Mas o quarto cântico do servo diz-nos algo mais. O servo não era apenas inocente: foi ferido pelas nossas culpas, foi espancado, condenado à morte, pelos nossos pecados. Uma comunidade, talvez um povo, foi curada por causa das suas feridas. E, aqui, tudo se complica. Qual o significado deste ‘sofrimento vicário’, desta dor injusta de um inocente em benefício dos outros? As civilizações – também a bíblica – conheciam este tipo de sofrimento. Muitos sacrifícios tinham o seu valor em oferecer o sofrimento de um em troca da bênção do outro. Cordeiros, mas também crianças e virgens, eram sacrificados sobre os altares dos deuses, pensando que o seu sofrimento e morte expiassem as culpas da comunidade, fossem oferta agradável a deuses famintos de sangue e nunca saciados. Também as crianças, os animais, as virgens, eram inocentes, eram escolhidas quando inocentes. Uma visão e expressão perfeita da religião económica e mercantil, que os cânticos do servo querem superar e renegar.
Qual o sentido do sofrimento daquele servo inocente? Não basta dizer que o povo lesse a história daquele inocente como tomada de consciência coletiva que, naquele sofrimento, estava acontecendo algo que lhes dizia respeito, que um só estivesse ‘pagando’ por muitos. Se fosse esta a ideia de Deus destes capítulos do segundo Isaías, não teríamos nenhuma revolução teológica, mas estaríamos sempre dentro da antiga teologia retributiva – como acontece também nalgumas leituras teológicas da morte e paixão de Cristo. Para compreender o alcance humano e espiritual destes versículos, é preciso arriscar e ousar mais. Temos de ler estes cânticos do servo também como experiência pessoal do profeta, como relato autobiográfico do segundo Isaías, ou de um seu discípulo que o tinha acompanhado e conhecido intimamente.
Ninguém pode ler os nossos sofrimentos como expiação das próprias culpas se nós não decidimos, intencional e livremente, vivê-las como dom. Sem esta escolha de viver e interpretar a nossa desventura inocente como libertação de outros, qualquer leitura externa dos nossos sofrimentos é uma reedição da arcaica teologia do bode expiatório. Eis, então, porque estes esplêndidos versículos podem ser lidos como uma posterior revelação da vocação profética., talvez a mais íntima, secreta, sublime.

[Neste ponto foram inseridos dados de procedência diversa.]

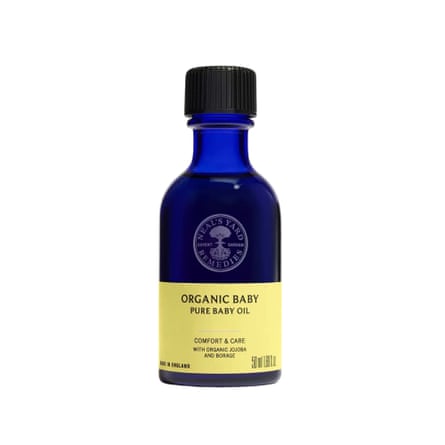 50ml bottle of Neal’s Yard Organic Pure Baby Oil.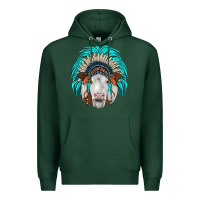 Sports Green simmental indian headdress Premium Hoodie - JahusDesignShop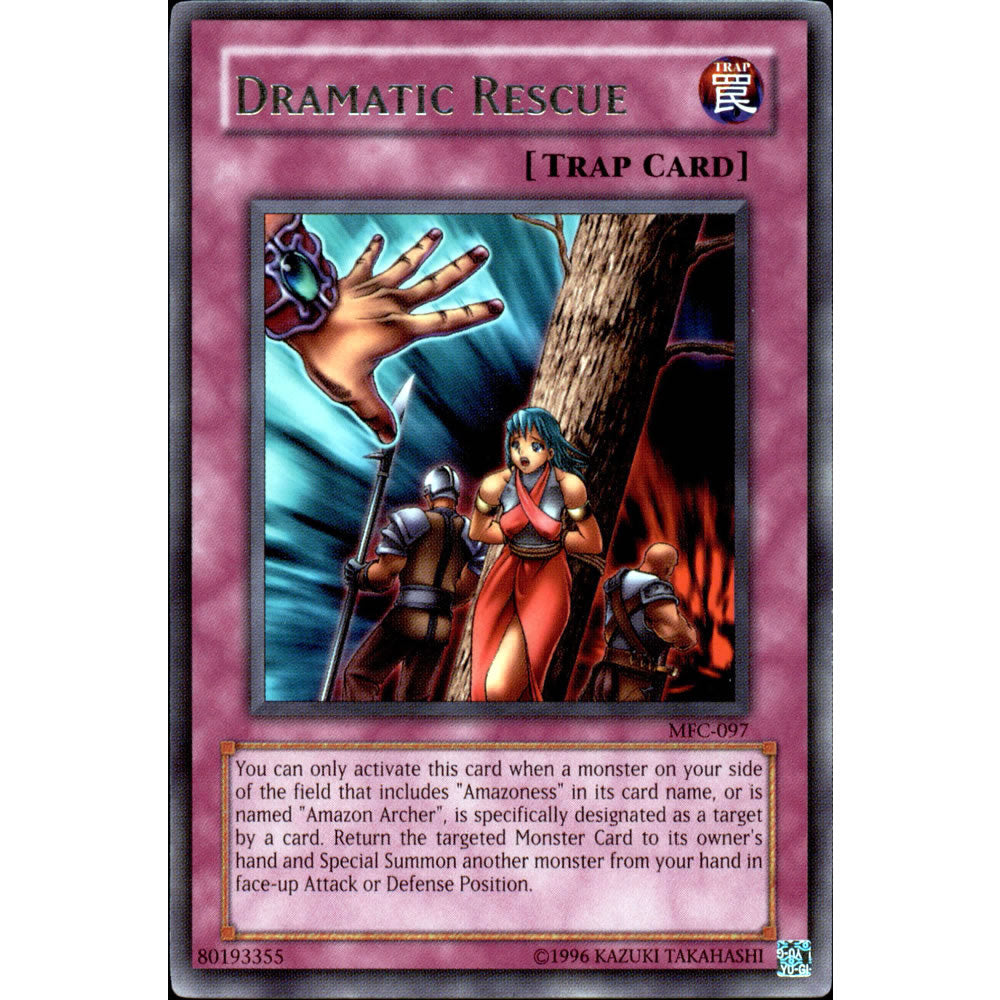 Dramatic Rescue MFC-097 Yu-Gi-Oh! Card from the Magician's Force Set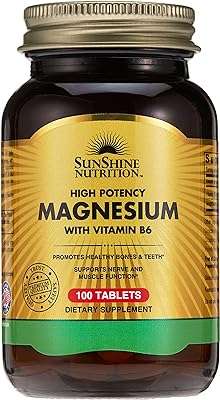 Magnésium haute puissance avec vitamine b6 100 comprimés sunshine nutrition. DIAYTAR COTE D'IVOIRE  deviendra rapidement votre référence pour tous vos besoins discount en ligne. Découvrez notre vaste assortiment de produits allant des indispensables de la maison aux dernières innovations technologiques, en passant par les vêtements et les accessoires de mode à prix cassés. Profitez de notre offre exceptionnelle dès maintenant !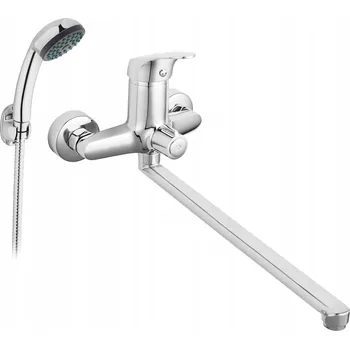 Vodovodní baterie Nástěnná vanová baterie páková FERRO ONE stříbrná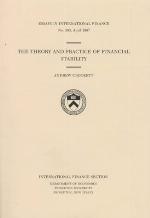The Theory And Practice Of Financial Stability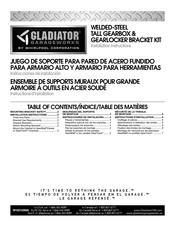 Gladiator Garageworks Premier Série Instructions D'installation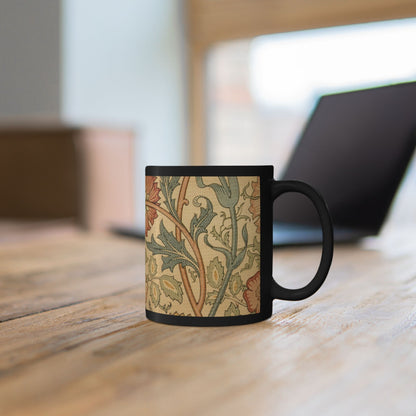 The English Bower | Morris Vintage Pink & Rose Textile Mug | The Floral Gallery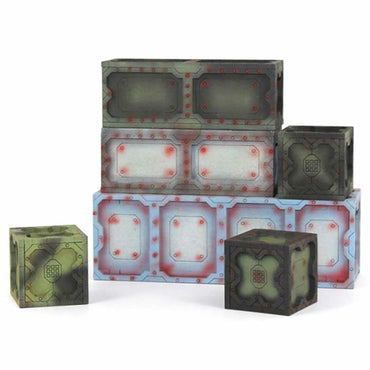 LCW1615 Battlefield Space Crates Set of 6 28mm Scale Miniature Terrain (ONLINE ORDER ONLY)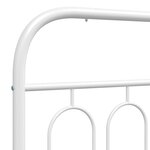 vidaXL Tête de lit métal blanc 100 cm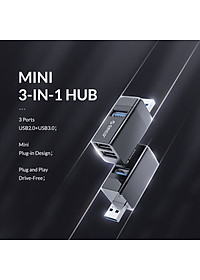 Hub usb 3 cổng USB 3.0 Orico MINI-U32L- Hàng Chính Hãng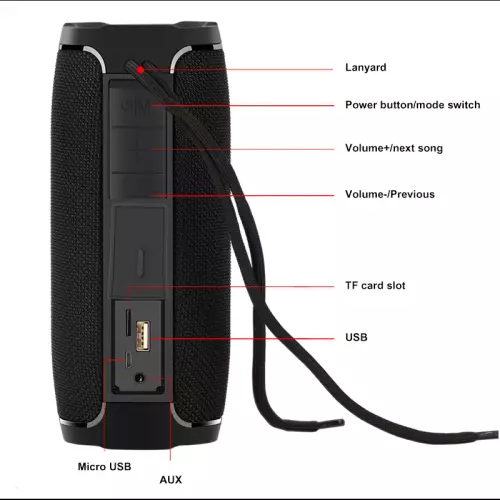 Wesdar K39 Portable Bluetooth Speaker-1
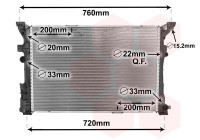 Radiateur, refroidissement du moteur 30002653 International Radiators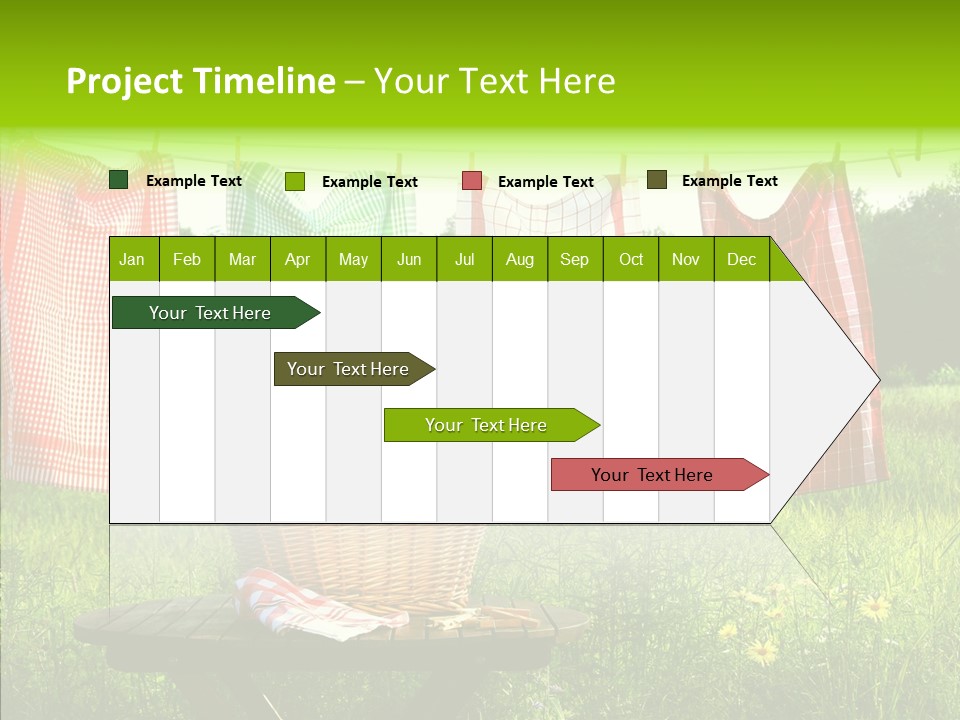 Basket Hanging Cord PowerPoint Template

Talvez um dia, no auge da própria vocação profética em tempo de exílio, humilhado e rejeitado pelo seu povo e pelo opressor, aquele profeta escolheu viver o sofrimento próprio como último passo de incarnação do seu chamamento, como cumprimento com o corpo de quanto tinha dito com a voz. Os cânticos do servo são o cântico final do segundo Isaías. Mas são também o cântico final da vocação de muitos profetas, dos fundadores de comunidades, de movimentos espirituais e ideais. Para estas pessoas, no auge da sua existência e vocação chega o cântico do servo de YHWH. Por razões sempre diferentes, chega o tempo da humilhação, do desprezo e da recusa, da expulsão, dos infinitos sofrimentos, por vezes da própria comunidade. Por isso, pode acontecer que o profeta e o fundador compreendam que a única coisa que podem e devem fazer é permanecer mudos, tornar-se cordeiro sob a mão do tosquiador. É o tempo dos estigmas. Para quem consegue continuar manso sob a mão que o trabalha nos sofrimentos morais e físicos, acontece a alquimia cantada pelo servo: compreende-se que, naquele abandono crucificado se está a gerar aquela comunidade e aquele povo, que aquelas feridas eram também as feridas do segundo parto. E o tosquiador torna-se também o bom pastor. Só quando os nossos sofrimentos, que nascem da diversidade, da maldade e da vida, se tornam, intencionalmente, parto, ali revive o antigo cântico do servo. Acontece o milagre, tudo gratuidade e tudo fruto de uma existência toda vivida seguindo a voz, que as próprias carnes se transformam no corpo da comunidade ferida e feridora. Para a redimir verdadeiramente e para sempre. São experiências muito raras, que fazem da terra um pedaço de paraíso: “Exulta de alegria, estéril, tu que não tinhas filhos, entoa cânticos de júbilo, tu que não davas à luz, porque os filhos da desamparada são mais numerosos do que os da mulher casada” (54, 1).